What the Market Says
Target shares closed at $129.89 on Nov. 17, 2023, after rising over 17% the day that third-quarter earnings were announced. By contrast, competitor and retail giant Walmart (WMT) saw its stock drop 8% after its earnings announcement, even though the company reported higher revenue than the same period a year ago. Walmart’s EPS beat was just $0.01, and its guidance for future performance was softer than expected.
Despite the bump in the price of the stock on the heels of the earnings announcement, Target stock is still down about 15% year to date.
Buy, Hold or Sell?
Of the 26 analysts who have made recommendations for Target for November, about 18 analysts recommend holding the stock. Two rate the stock a strong buy, and two more rate it a buy. Three analysts rated it an “underperform” and one recommends holding it.
In all, the average recommendation is 2.4 out of 5, or just about mid-way between “buy” and “hold.” The average analyst’s 12-month price target is $148.67, with a low estimate of $110.79 and a high of $181.00. While this can hardly be considered a ringing endorsement by analysts, the stock is considered to be undervalued.
Target By the Numbers
Target pays a dividend, and its forward dividend is $4.40, or 3.39%. Its P/E ratio is 16.55, meaning that investors are paying $16.55 for each dollar of earnings.
Walmart’s P/E ratio is 25.85, making it a more expensive option. Other competitors in the retail space include Macy’s (in apparel), with a P/E ratio of 5.89, Kroger (in grocery), with a P/E ratio of 18.95, and Dollar General (in general merchandise), with a P/E ratio of 12.41. Amazon can also be considered a competitor, particularly on the digital side. Amazon’s P/E ratio is 75.61, although the many other segments in which Amazon competes make that a somewhat poor comparison.

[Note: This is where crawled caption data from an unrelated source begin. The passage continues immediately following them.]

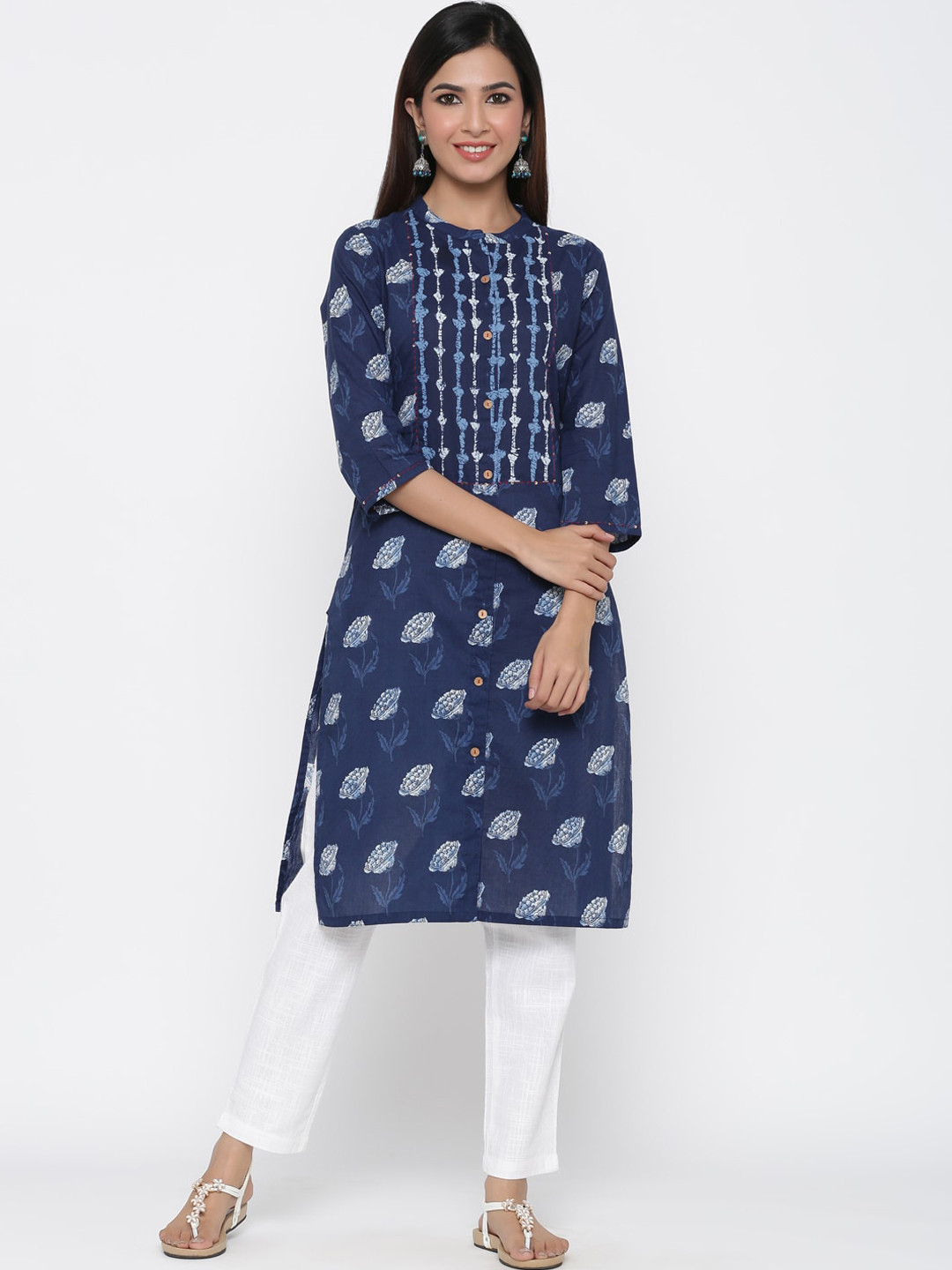 

Jaipur Kurti Women Blue Printed Indigo Straight Kurta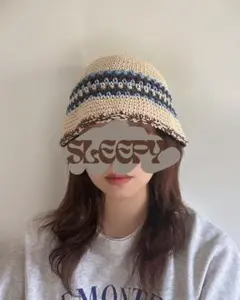クロシェハット　クラッシャーハット　バケットハット　バケハ　ニット帽　ビーニー
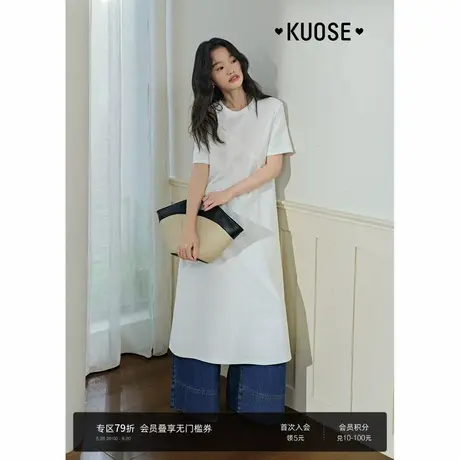 阔色假两件白色镂空短袖连衣裙女2025夏季新款休闲气质宽松长裙子图片
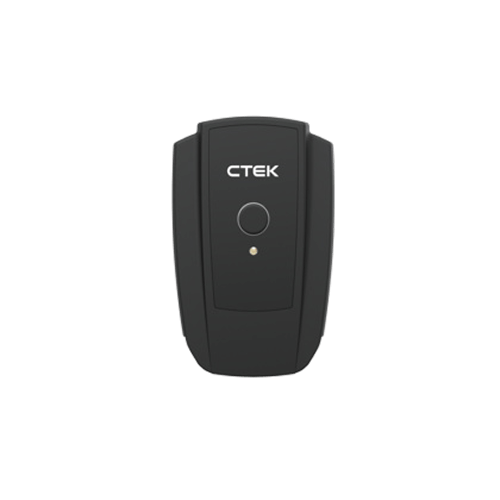 CTEK Nano Grid Air – kompakt svart enhet med rund knapp och statuslampa, används för trådlös lastbalansering av elbilsladdning i hemmet.
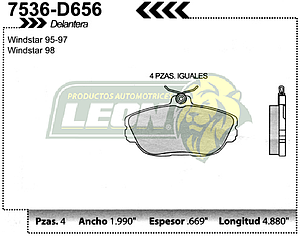 BALATA F.D. R.D. FORD WINDSTAR 95-00, SABLE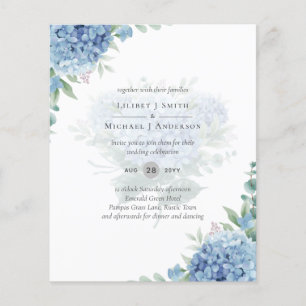 Prospectus 11,4 Cm X 14,2 Cm Invitation de mariage florale avec hortensia bleu 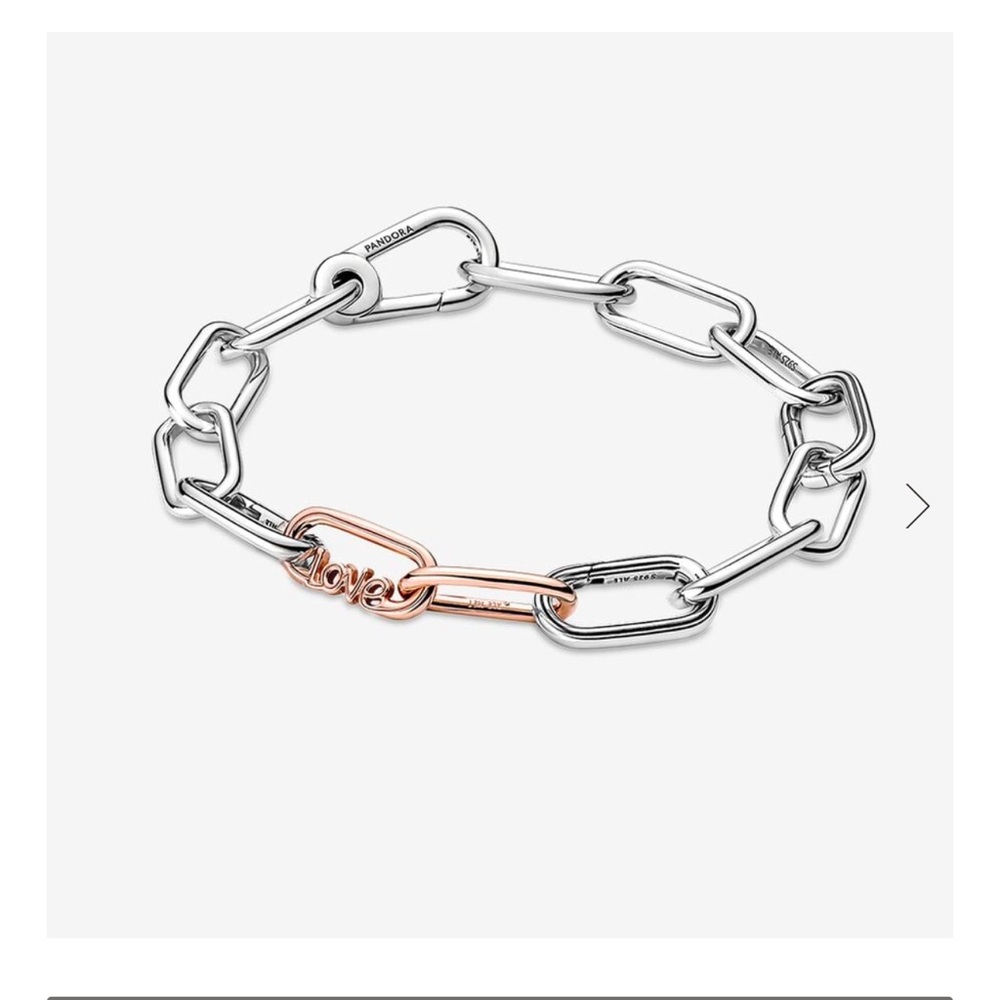 Pandora Silver and Rose Gold Love Bracelet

Target’s market capitalization, which is the number of outstanding shares times the share price, or the value of the company, is $59.964 billion.
Target operates nearly 2,000 stores across the U.S. and has over 50 distribution centers nationwide. The company has about 440,000 employees and plans to add about 100,000 seasonal workers for the busy holiday season.
How Target Is Positioned for the Future
Target’s broad selection of merchandise draws consumers who love the idea of getting everything they need in one place. Target stores carry toys, clothing, groceries, furniture, housewares, health and beauty aids, and more, stocking both national brand names and private-label Target brand products.
The challenges Target is currently facing, according to executives, show signs of abating in the coming months. As inflation continues to moderate and wages either maintain or continue to rise, consumer discretionary spending should increase.
Target is addressing the challenge of shrink by locking up some items that tend to walk out the door without stopping at the cash register first. This is a decision the company insists that most consumers welcome, although some comments on social media would indicate otherwise. But declining inflation may moderate shrink as well, because as products become more affordable there is less desperation that may cause increased theft.
Is Target a Buy Ahead of the Holidays?
It certainly appears as though Target has some advantages going into this holiday season. The company has improved its profitability, as evidenced by its ability to produce a bottom-line increase in EPS even as top-line revenue had declined. It appears to be in a more solid position than some competitors, such as Walmart. And it is setting itself up to be ready as inflation continues to moderate, and consumer discretionary spending improves. If your portfolio is in need of a retail position, Target Corp. is certainly worth a serious look.
Information is accurate as of Nov. 27, 2023.